ENTRIES SUPPLIED

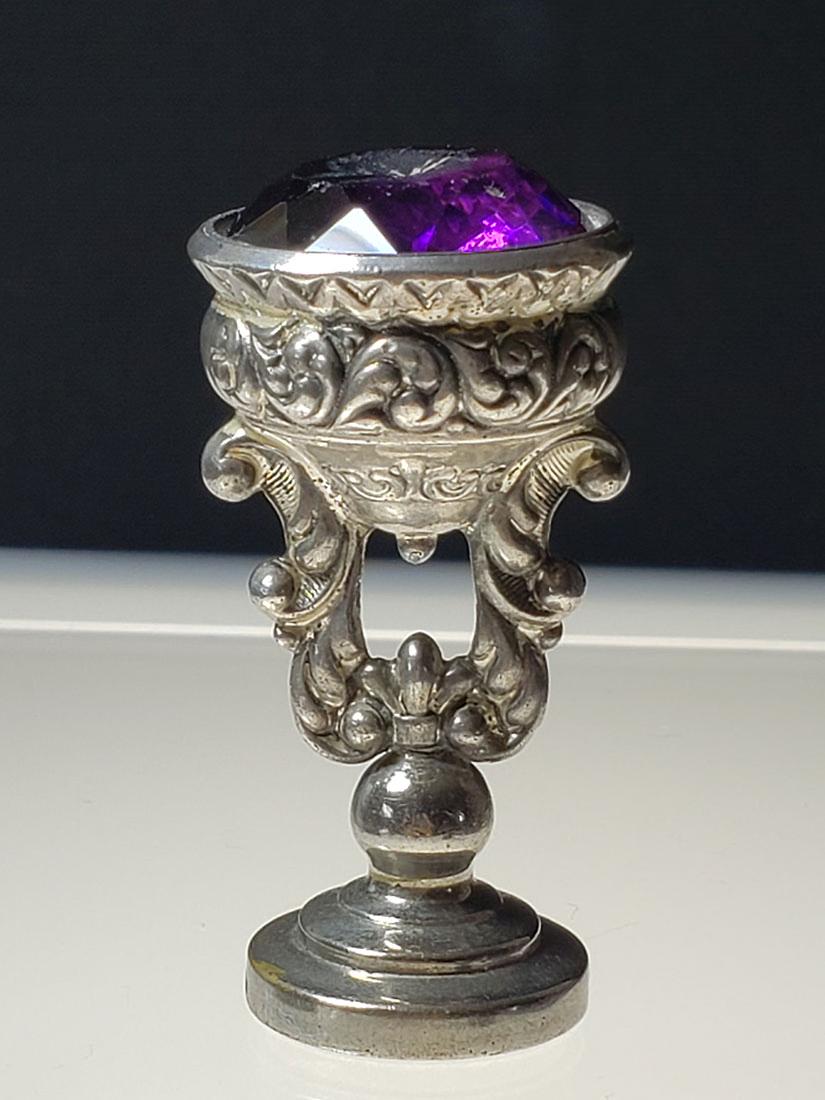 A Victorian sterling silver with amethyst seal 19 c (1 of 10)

* * *

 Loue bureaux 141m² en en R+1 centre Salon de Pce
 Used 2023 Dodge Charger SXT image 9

* * *

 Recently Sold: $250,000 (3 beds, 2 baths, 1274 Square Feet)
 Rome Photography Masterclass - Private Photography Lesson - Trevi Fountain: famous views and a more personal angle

DIRECTIONS FOR THIS TASK
Retype, exactly and in full, the lines above from the one containing "Loue bureaux 141m²" through the one containing "Used 2023 Dodge Charger SXT image 9".

ANSWER FOR THIS EXERCISE
 Loue bureaux 141m² en en R+1 centre Salon de Pce
 Used 2023 Dodge Charger SXT image 9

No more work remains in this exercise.